[Bug tree-optimization/32306] [6/7/8 Regression] redundant && || not eliminated

Fri Nov 24 16:23:00 GMT 2017

https://gcc.gnu.org/bugzilla/show_bug.cgi?id=32306

--- Comment #36 from Jeffrey A. Law <law at redhat dot com> ---
Just a couple notes.  I'm not currently looking at this, but this is probably
the best bug to track thoughts around how to try and capture secondary effects
of jump threading without re-running all of DOM.

-- Taken from another BZ so that it doesn't get lost --

I looked at ways to introduce iteration without the full DOM pass years ago. 
It was pretty obvious that the most interesting things happened as a result of
exposing degenerate PHIs.  But I wasn't ever able to make a leap from that to a
low overhead iterating jump threader.  What did come out of it was the phi-only
cprop pass which propagates away the degenerate PHIs.

--

And today's thought.  In addition to degenerate PHIs the other key property
which indicates an exposed secondary opportunity is a reduction in the number
of preds for a block.  Particularly when we can drop from N to 1 pred.

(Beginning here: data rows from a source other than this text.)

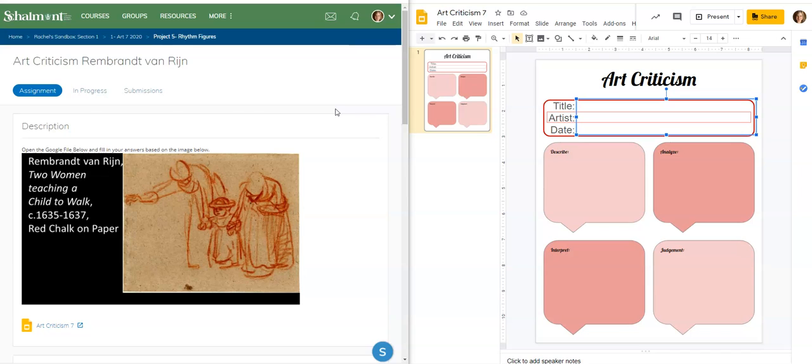Go ahead and type those three things in — the title, artist, and date. When you are done, unpause so that we can move on to the describe section.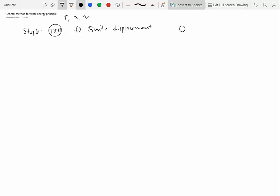So you have a particle over here and then this particle moves from this position to another position. This could be the initial position, this could be the final position and it has moved by certain distance. There are certain forces acting on it, let's say f1, f2 and so on, and you are trying to relate the velocity in initial position with the final position velocity.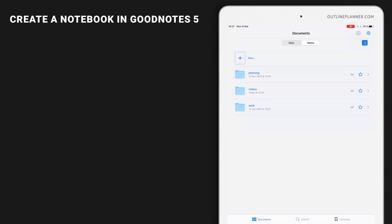In this video, I'm showing you how easy it is to create a new notebook inside GoodNotes.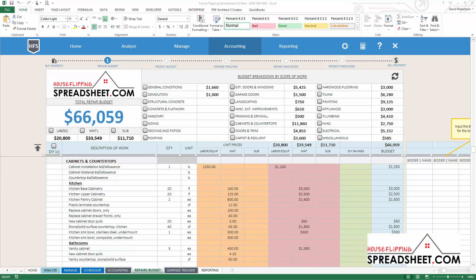The Repair Cost Estimator is a deal analysis tool used before you get a property under contract, and the Repair Cost Budgeter is a project management and accounting tool used to manage your rehab budget during construction.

ssa--dom-simplify-1 is a good example, particularly if one disables the VRP
threader.   Prior to DOM we'll see:

;;   basic block 2, loop depth 0, count 1073741825 (estimated locally), maybe
hot
;;    prev block 0, next block 3, flags: (NEW, REACHABLE, VISITED)
;;    pred:       ENTRY [always]  count:1073741826 (estimated locally)
(FALLTHRU,EXECUTABLE)
  if (x_3(D) > 3)
    goto <bb 3>; [33.00%]
  else
    goto <bb 4>; [67.00%]
;;    succ:       3 [33.0% (guessed)]  count:354334800 (estimated locally)
(TRUE_VALUE,EXECUTABLE)
;;                4 [67.0% (guessed)]  count:719407025 (estimated locally)
(FALSE_VALUE,EXECUTABLE)

;;   basic block 3, loop depth 0, count 354334802 (estimated locally), maybe
hot
;;    prev block 2, next block 4, flags: (NEW, REACHABLE, VISITED)
;;    pred:       2 [33.0% (guessed)]  count:354334800 (estimated locally)
(TRUE_VALUE,EXECUTABLE)
  frob (1);
;;    succ:       4 [always (guessed)]  count:354334802 (estimated locally)
(FALLTHRU,EXECUTABLE)

;;   basic block 4, loop depth 0, count 1073741825 (estimated locally), maybe
hot
;;    prev block 3, next block 5, flags: (NEW, REACHABLE, VISITED)
;;    pred:       3 [always (guessed)]  count:354334802 (estimated locally)
(FALLTHRU,EXECUTABLE)
;;                2 [67.0% (guessed)]  count:719407025 (estimated locally)
(FALSE_VALUE,EXECUTABLE)
  if (x_3(D) > 2)
    goto <bb 5>; [33.00%]
  else
    goto <bb 6>; [67.00%]
;;    succ:       5 [33.0% (guessed)]  count:354334800 (estimated locally)
(TRUE_VALUE,EXECUTABLE)
;;                6 [67.0% (guessed)]  count:719407025 (estimated locally)
(FALSE_VALUE,EXECUTABLE)

;;   basic block 5, loop depth 0, count 354334802 (estimated locally), maybe
hot
;;    prev block 4, next block 6, flags: (NEW, REACHABLE, VISITED)
;;    pred:       4 [33.0% (guessed)]  count:354334800 (estimated locally)
(TRUE_VALUE,EXECUTABLE)
  frob (x_3(D));
;;    succ:       6 [always (guessed)]  count:354334802 (estimated locally)
(FALLTHRU,EXECUTABLE)

;;   basic block 6, loop depth 0, count 1073741825 (estimated locally), maybe
hot
;;    prev block 5, next block 1, flags: (NEW, REACHABLE, VISITED)
;;    pred:       4 [67.0% (guessed)]  count:719407025 (estimated locally)
(FALSE_VALUE,EXECUTABLE)
;;                5 [always (guessed)]  count:354334802 (estimated locally)
(FALLTHRU,EXECUTABLE)
  return;
;;    succ:       EXIT [always (guessed)]  count:1073741825 (estimated locally)

}

DOM is going to discover the 3->4->5 jump thread easily.    But there are no
PHIs in BB4 that would trigger any kind of reanalysis.  But the # preds for BB4
drops from 2 to 1.  This is important as the remaining path into BB4 can be
further optimized after we realize the 3->4->5 jump thread.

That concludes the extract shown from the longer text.